Architecture
A Hub is a single-process daemon that receives data from clients, other hubs and farcaster contracts. It has four main components:
- Storage Engine - checks message validity, persists them to disk and emits events.
- P2P Engine - establishes a gossipsub network to exchange messages with hubs.
- Sync Engine - handles edge cases when gossip fails to deliver messages.
- RPC Servers - provides APIs to read and write data to the hub
Storage Engine
Messages received by Hubble are forwarded to the Storage engine which forwards them to the appropriate CRDT Set. Once validated by the CRDT Set, messages are persisted to RocksDB and events are emitted to listeners.
CRDT sets are implemented to meet the specification in the Farcaster protocol. The engine also tracks state of the Farcaster contracts, which are necessary for validating the Signer CRDT Set.
P2P Engine
Hubble connects to other peers over a GossipSub network established using LibP2P. Messages merged into the Storage Engine are immediately gossiped to all of is peers.
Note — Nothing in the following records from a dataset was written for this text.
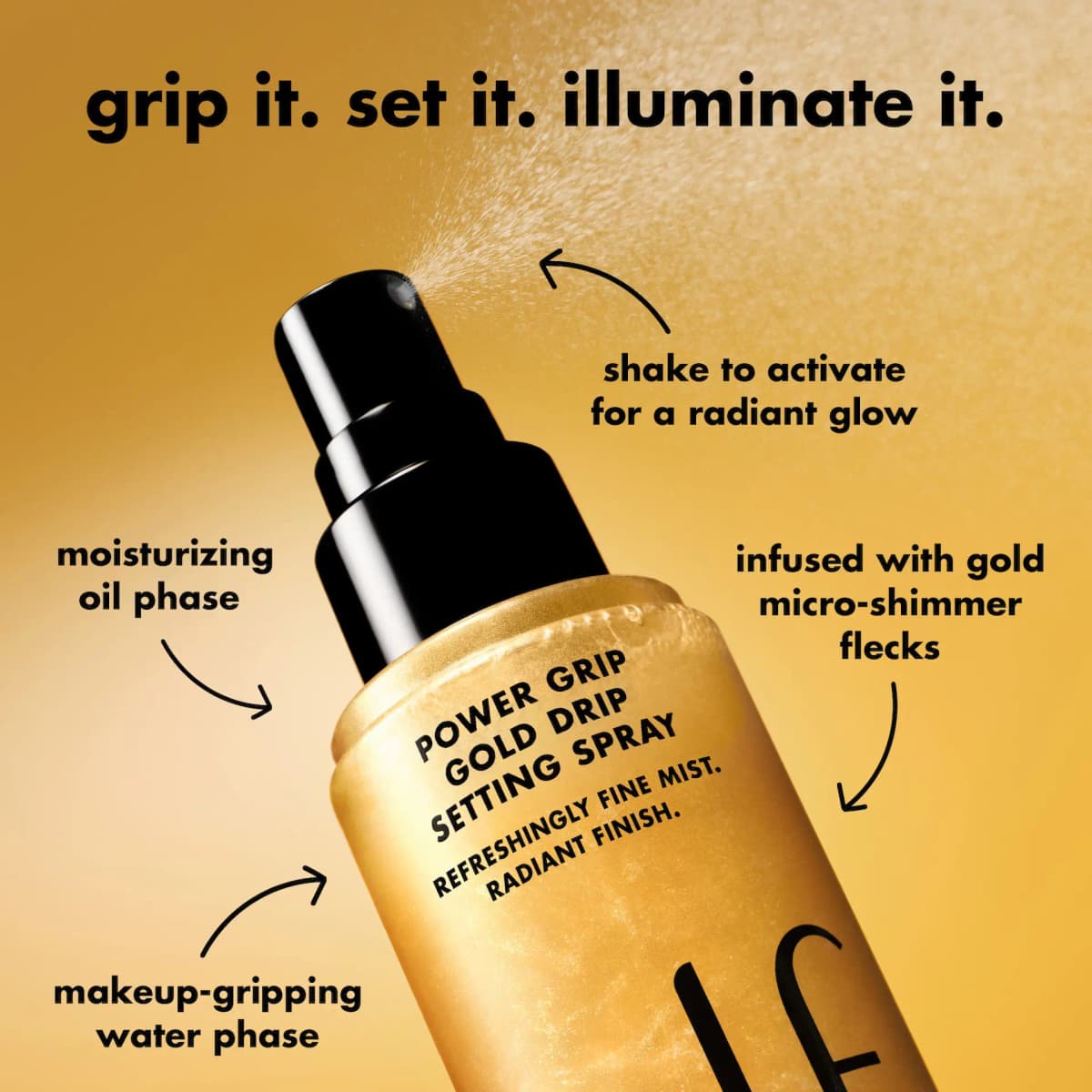 Angled Setting Spray mid-spray labelled with oil phase, water phase, gold flecks and 'shake to activate'.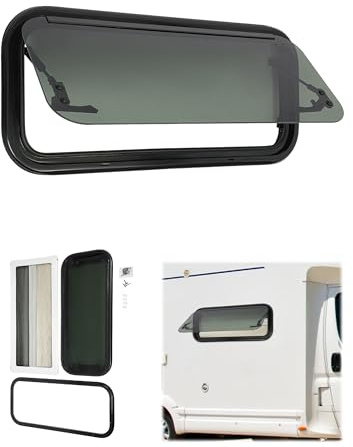 DIFU Wohnwagen Fenster E4 Camper Fenster 700x300 mm Gehärtetes Glas Wohnmobilfenster 85° Ausstellfenster mit Fliegengitter und Rollo | Insekten-, Sonnen- & Sichtschutz | für Kastenwagen Caravan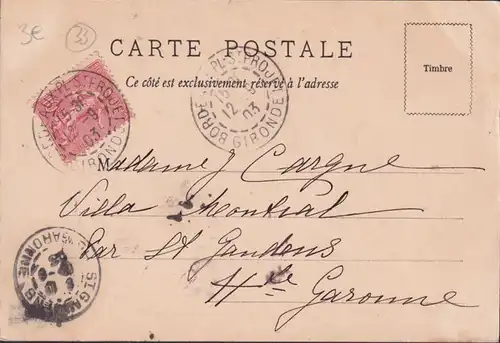 CPA Bordeaux, Les Colonnes Rostrales et les Quai Nord, couru en 1903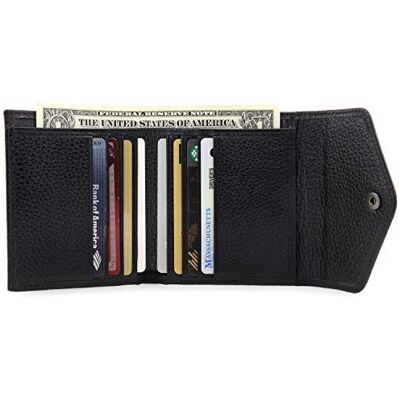 Otto Angelino Plånbok i äkta läder – RFID-blockering – unisex, Svart, en storlek Otto Angelino Plånbok i äkta läder – RFID-blockering – unisex, Svart, en storlek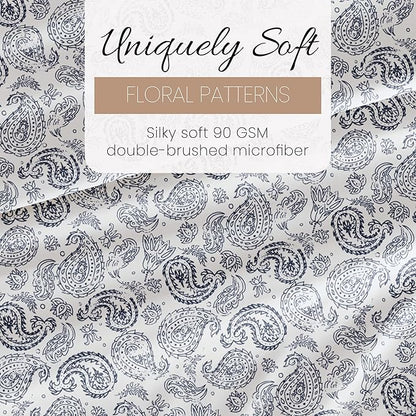 Linen Market 4 Piece King Sheet Set - Breathable, Double-Brushed Patterned Cooling Sheets – Oeko-TEX Certified Ultra Soft & Wrinkle-Free 16" Deep-Pocket King Sheets - Easy Care Coarse Paisley Navy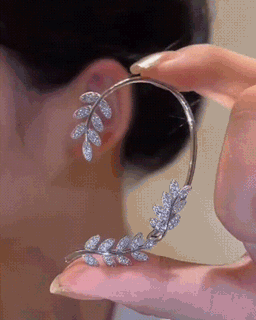 

1pcs Leaf Shaped Rhinestone Decor Ear Climber, Silver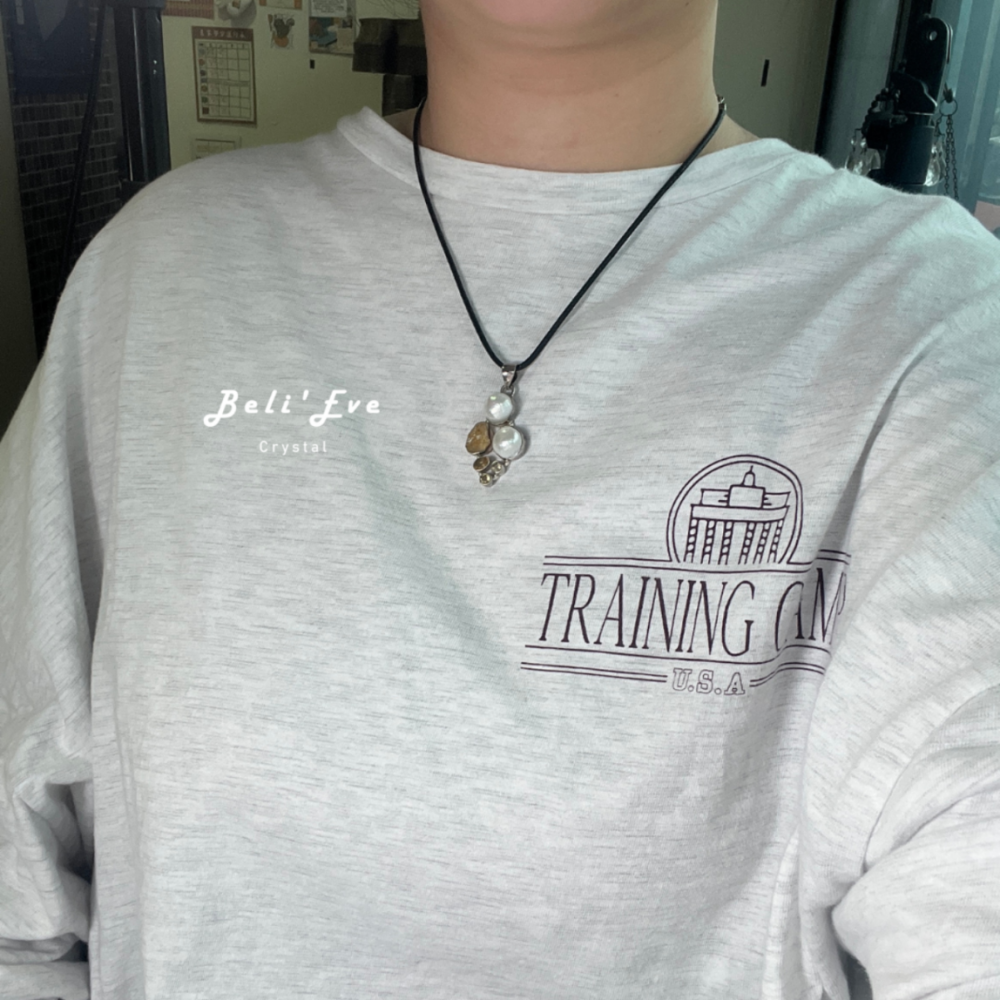 『尼泊爾進口』天然巴洛克珍珠+黃水晶原礦/切面  純銀鑲嵌吊墜 自信心、事業強化，招財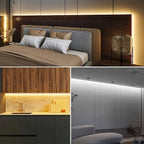 USB-Powered LED COB Strip Light-Flexible Cuttable Tape Light with Adhesive Backing, Push Button Control, for Homes, Kitchens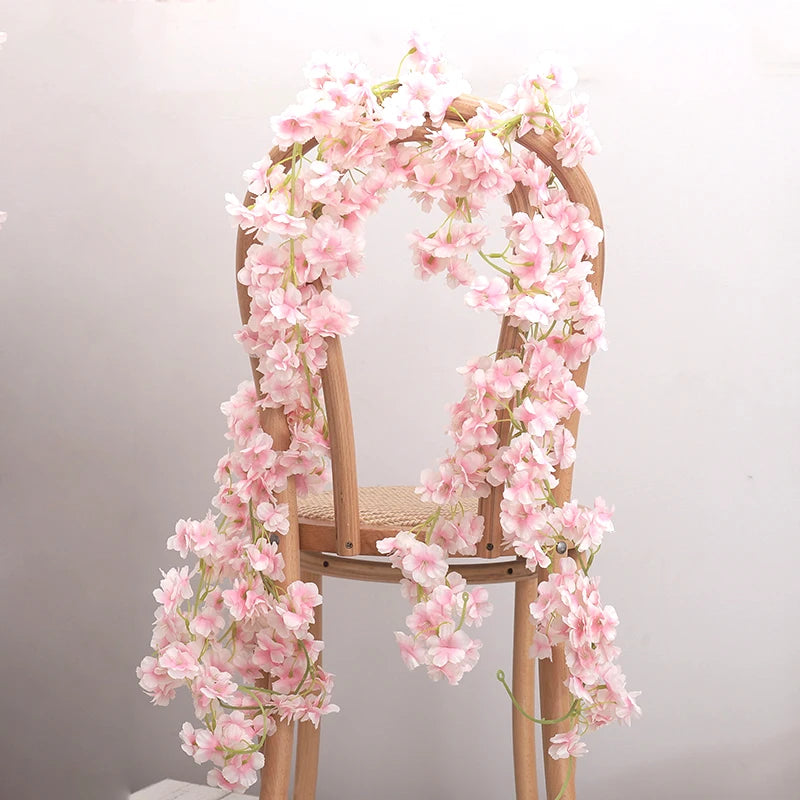 Artificial Sakura Flowers Vine Hanging Fake Floral Garland Home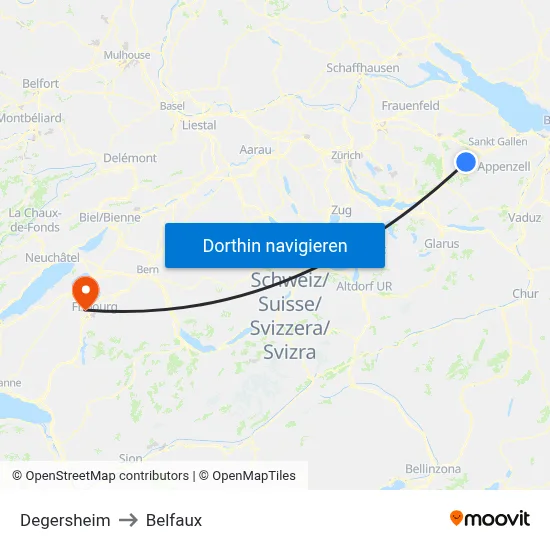 Degersheim to Belfaux map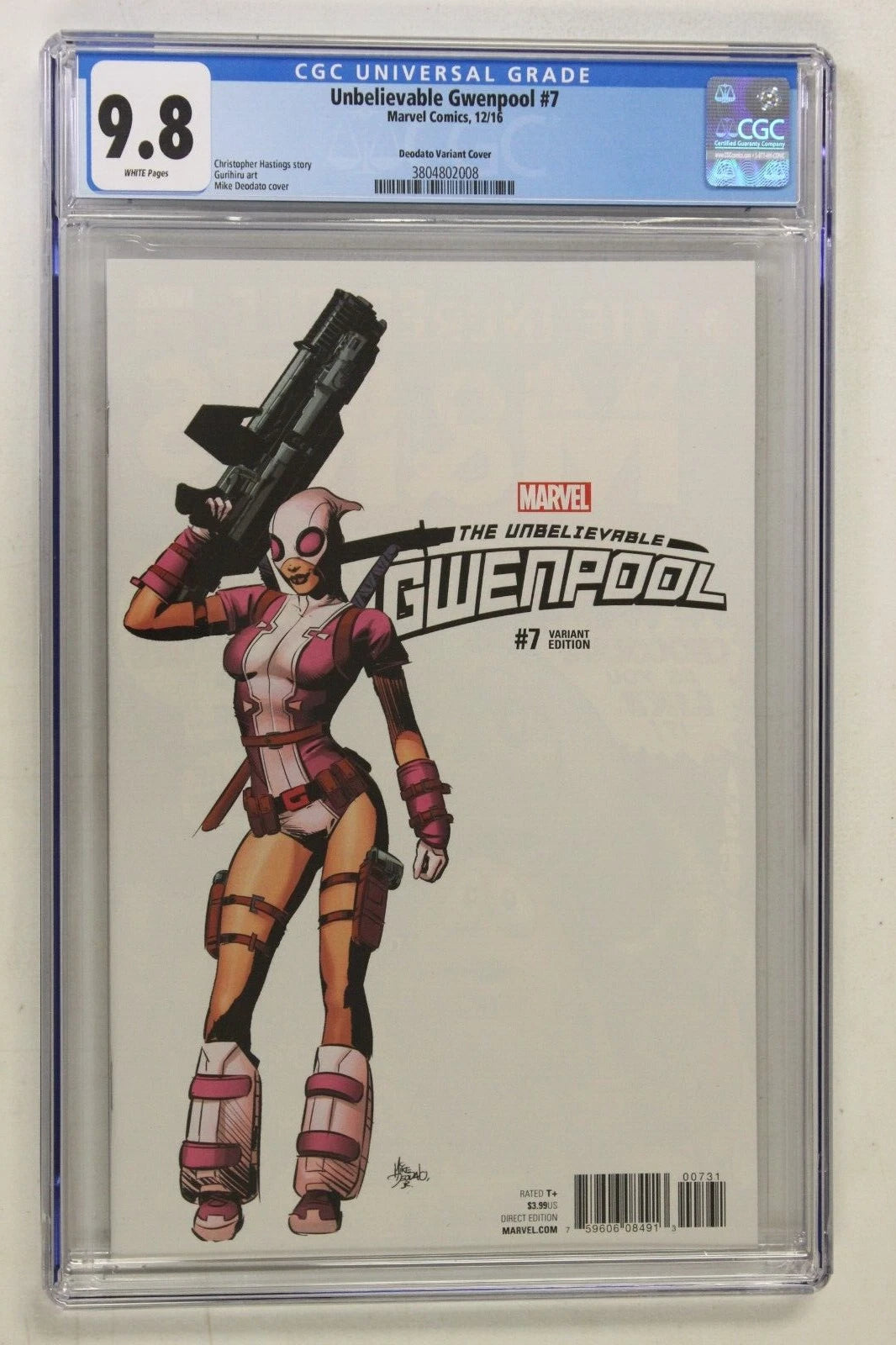 Unbelievable Gwenpool #7 1:10 Mike Deodato Variant CGC 9.8 NM/M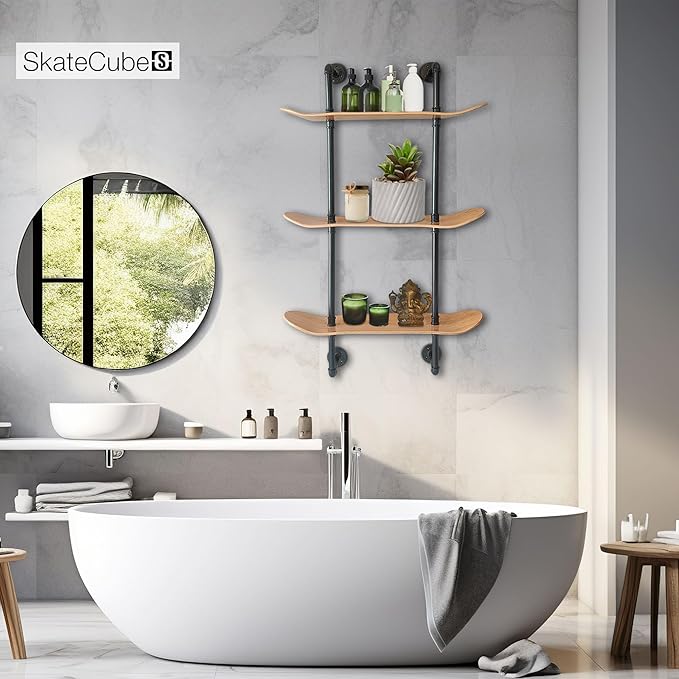 Industrial Shelves - 3 Tier Floating Shelf Bookcase with Mellow Concave Skateboard Decks - Natural Wood Stain Finish - Easy to Assemble - Bathroom Wall Decor, Book Shelf for Living Room - LeafyLoom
Hubble will only peer with trusted peers and employs a simple network topology during beta. It peers only with known instances which must be configured at startup. In later releases, the network topology will be modified to operate closer to a trustless mesh.
Sync Engine
Hubble periodically performs a diff sync with other peers to discover messages that may have been dropped during gossip. This is performed using gRPC APIs exposed by each Hub instance.
RPC Servers
Hubble exposes a gRPC and HTTP API for reading and writing data to the hub. The primary way to write data to the farcaster network is to call submitMessage
on a hub. The hub will validate the message, and if it conforms to the protocol, will store the message in the appropriate CRDT set and gossip it to other peers. The hub also exposes other APIs to read the state of its sets.